“What are you gonna be for Halloween?” came the eager question from several seats back on my school bus. It’s an exciting time of year for kids. Regalia is discussed at length, with a few children always trying to outdo their friends.
“Yours is okay, but mine’s better,” they’ll pipe. “My costume blows up and runs on batteries!”
Times have changed. I strolled through a costume store last night, and while the selection and quality are remarkable, the cost is quite high.
Back in my day (yes, we did celebrate Halloween back then), outfits were concocted at home from bedsheets, cardboard, and your father’s old work clothes. I speak from experience. If I had a nickel for every time I wore dad’s holey jeans, tattered coat, and battered cowboy hat on Halloween, well, I’d have about 25 cents. (Not a good example).
Back then, if a costume was purchased, it was made of plastic, and worn over your winter jacket, much like slipping into a bargain brand garbage bag for an evening out. It tied at the back and was printed with the image of a superhero, fireman, doctor, etc. Complete with a matching face mask of harder plastic that strapped to your head with a length of flimsy elastic, and was sure to break partway through the evening, it was the best money could buy.
Apart from the fact the eye holes were never in the right place to actually see, your face became slick with sweat, and you sounded like Darth Vader on a hot summer day, it was great.
Sometimes people would make us kids sing a song for candy. A muffled rendition of ‘Happy Birthday’ would then ensue, leaving the occupants of this home shaking their heads at “…young people these days”.
I loved trick-or-treating and continued going out until fourteen – or so. Embarrassment followed this rash decision. With friends, I stepped up to the first door. I wore filthy overalls that had recently seen the inside of a grain bin, cowboy boots run-down at the heel, and an old straw hat. Confidently, I rang the bell, only to be greeted by a boy two years my junior. Rats! I tipped my hat over flushed cheeks and hoped he wouldn’t notice.

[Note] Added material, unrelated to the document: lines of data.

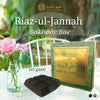 Riaz Al-Jannah - Limited Edition Bar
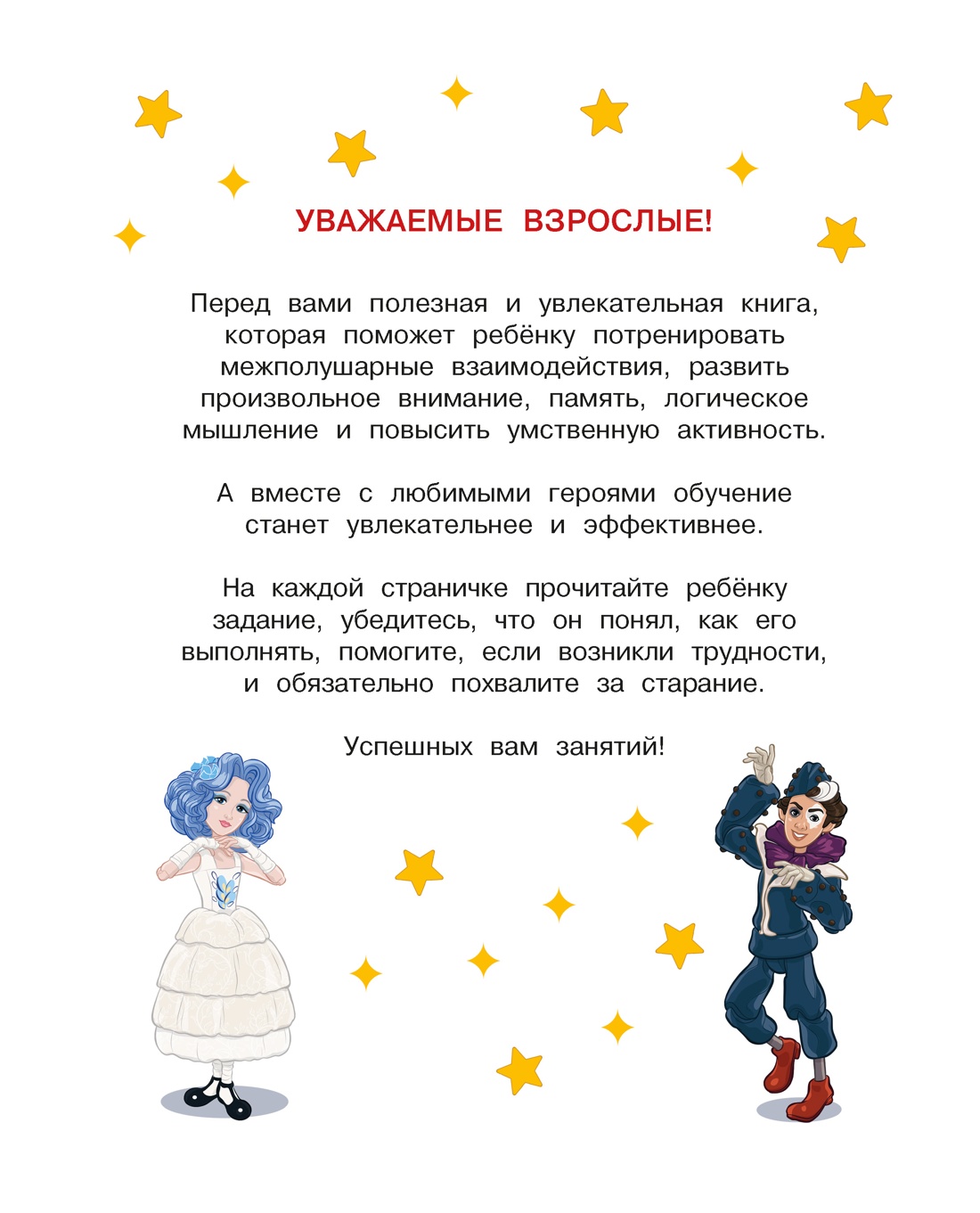 Книга Махаон Буратино Земцова О Н Буратино Нейротренажер Книга с развивающими заданиями - фото 4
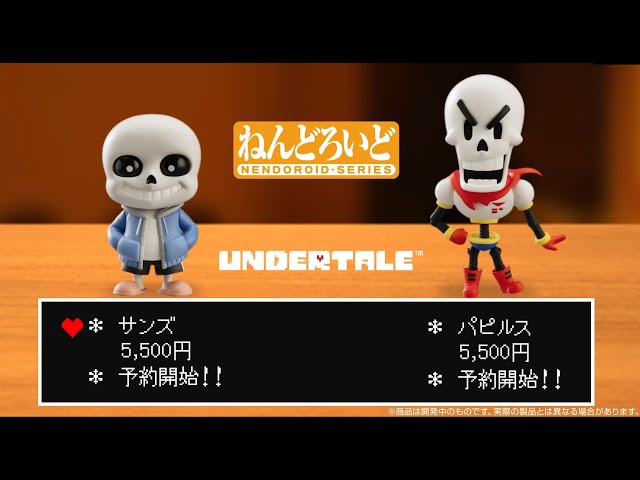 UNDERTALE】スペシャル どうがを みるか？【ねんどろいど サンズ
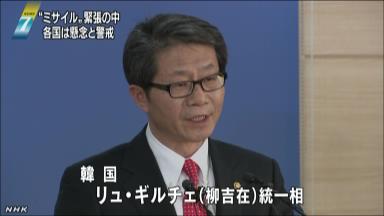 北朝鮮との対話意思表明＝情勢緊迫で軌道修正－韓国大統領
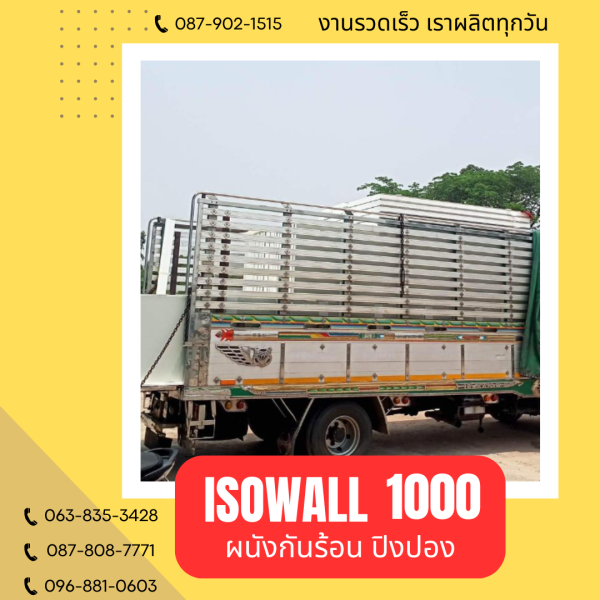 ผนังปิงปอง ISOWALL 1000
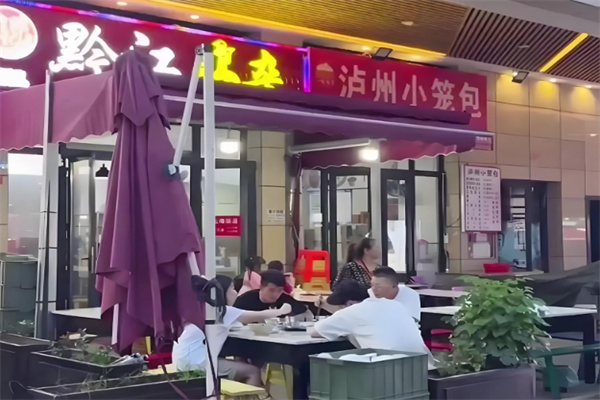 胡记黔江鸡杂 胡记黔江鸡杂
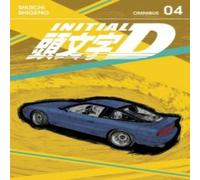 Shuichi Shigeno Initial D Omnibus 4 (Vol. 7-8) Paperback Book Shuichi Shigeno Multicolor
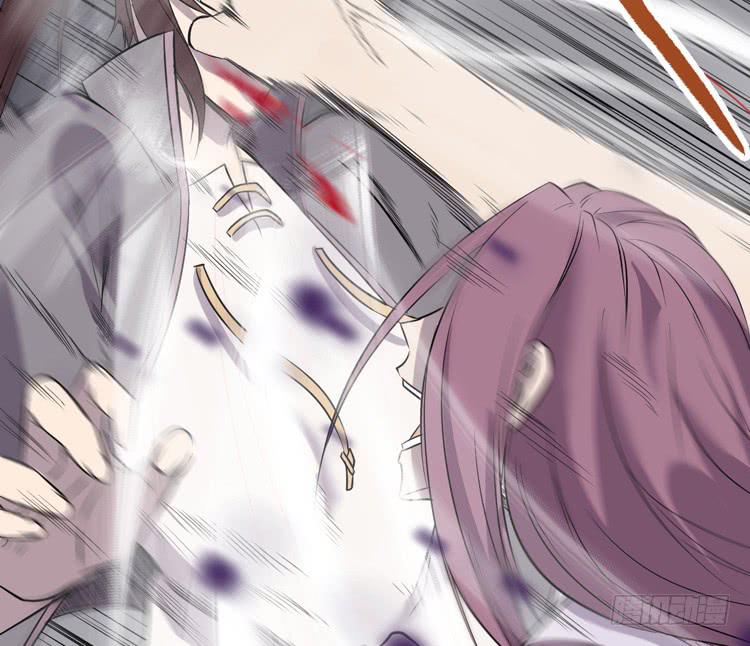 🍸该死的少女漫画 别太小看人了！ 第6页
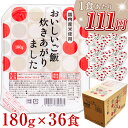 【ポイント3倍・訳あり最安値挑戦！賞味期限切迫品】国内産米使用 パックご飯 おいしいご飯炊きあがりました 1ケース…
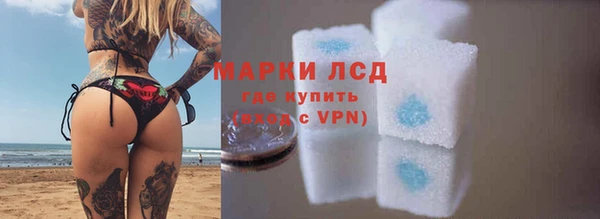 ешки Лихославль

“Hey,” he said in shocked amazement, dropping candy into my sack. “Aren’t you Helen Row? And older than me?”
If I’d been sporting the plastic mask this would never have happened. As it was I sheepishly accepted my treat and slunk into the darkness, never to Halloween again.
One year my boyfriend and I dressed up as bags of potatoes for a party. I bought us brown leotards, turtleneck sweaters, and balaclavas. Then, we cut holes in the bottom of burlap gunny sacks to wear around our mid-sections and tie at our necks. After stuffing the bags with padding, I felt pleased with the result. At least, I was pleased until one of us kept getting wolf whistles and compliments on our great legs—and it wasn’t me. What a downer. (My boyfriend wasn’t happy about it either.)
In any case, Halloween is here again and whether you spend a bundle, or create a costume from things you have at home, it’s all fun and games.